*Source data*:
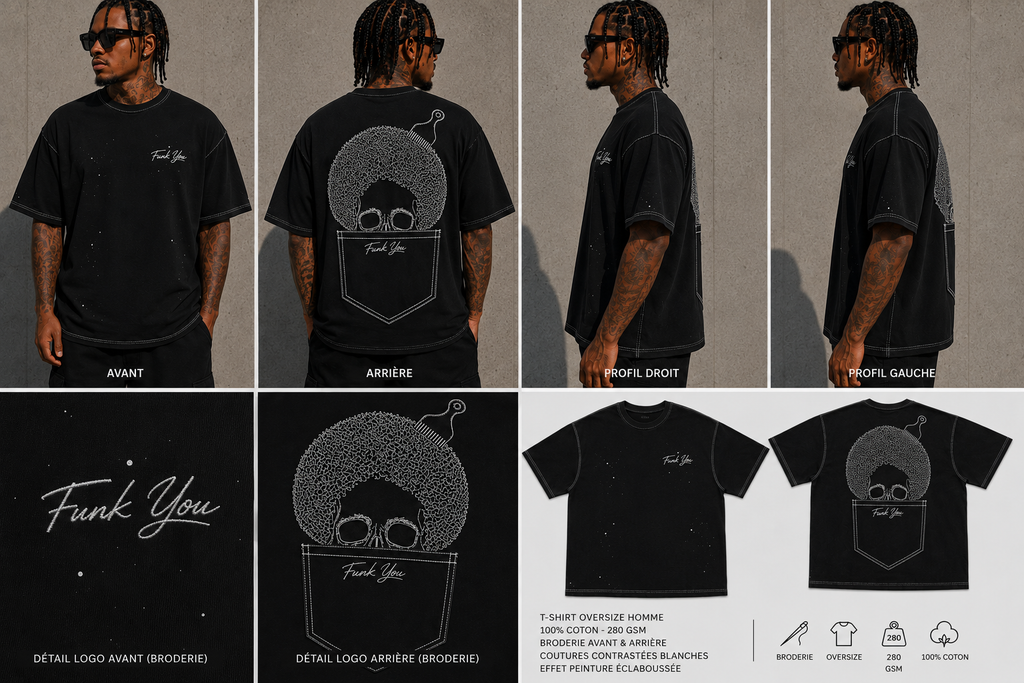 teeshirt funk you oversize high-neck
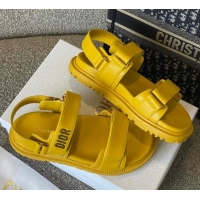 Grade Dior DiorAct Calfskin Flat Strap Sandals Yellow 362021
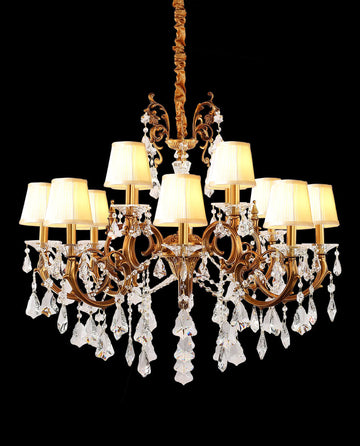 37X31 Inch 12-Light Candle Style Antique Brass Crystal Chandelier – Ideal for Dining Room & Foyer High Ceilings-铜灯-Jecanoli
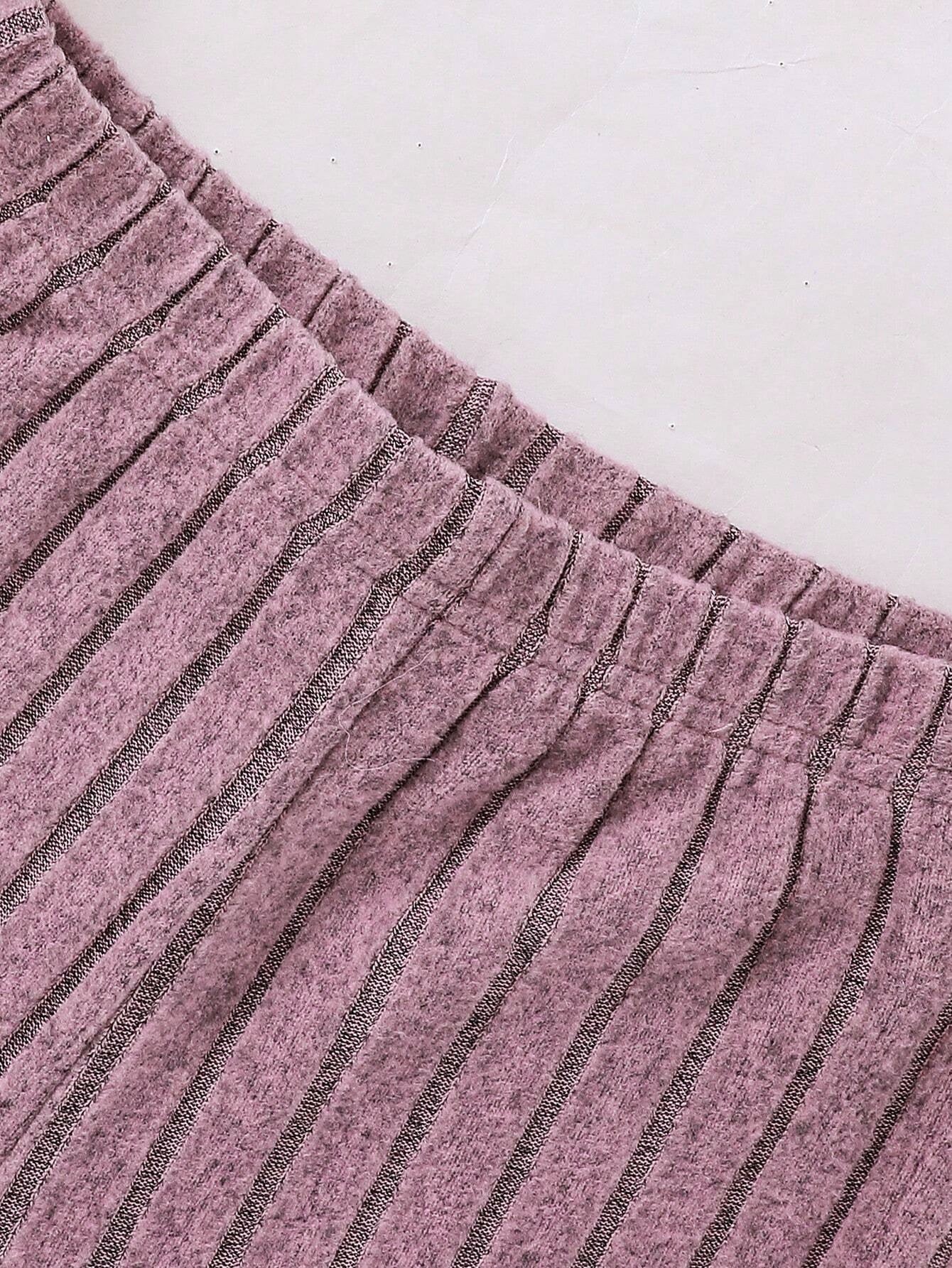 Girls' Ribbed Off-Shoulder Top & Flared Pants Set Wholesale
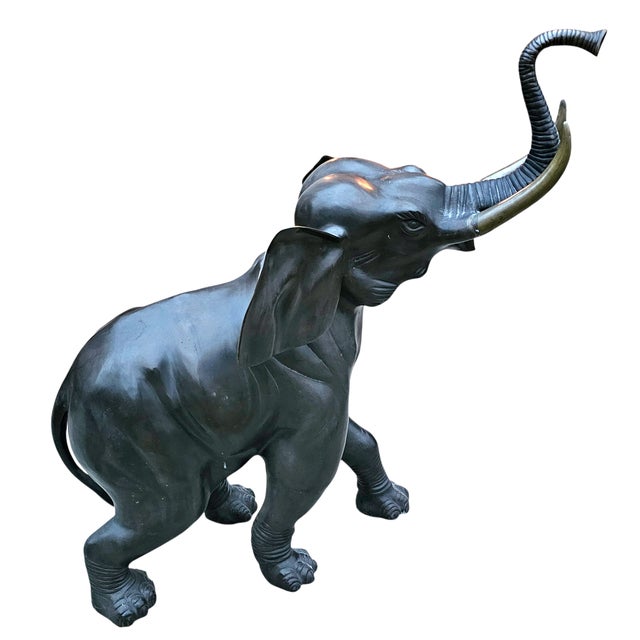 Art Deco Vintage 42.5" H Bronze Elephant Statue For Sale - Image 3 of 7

*Your task*:
Please retype the whole of the data precisely, omitting pictures.

*Exercise result*:
 teeshirt funk you oversize high-neck
 Grade Dior DiorAct Calfskin Flat Strap Sandals Yellow 362021
 37X31 Inch 12-Light Candle Style Antique Brass Crystal Chandelier – Ideal for Dining Room & Foyer High Ceilings-铜灯-Jecanoli
 Girls' Ribbed Off-Shoulder Top & Flared Pants Set Wholesale
 Art Deco Vintage 42.5" H Bronze Elephant Statue For Sale - Image 3 of 7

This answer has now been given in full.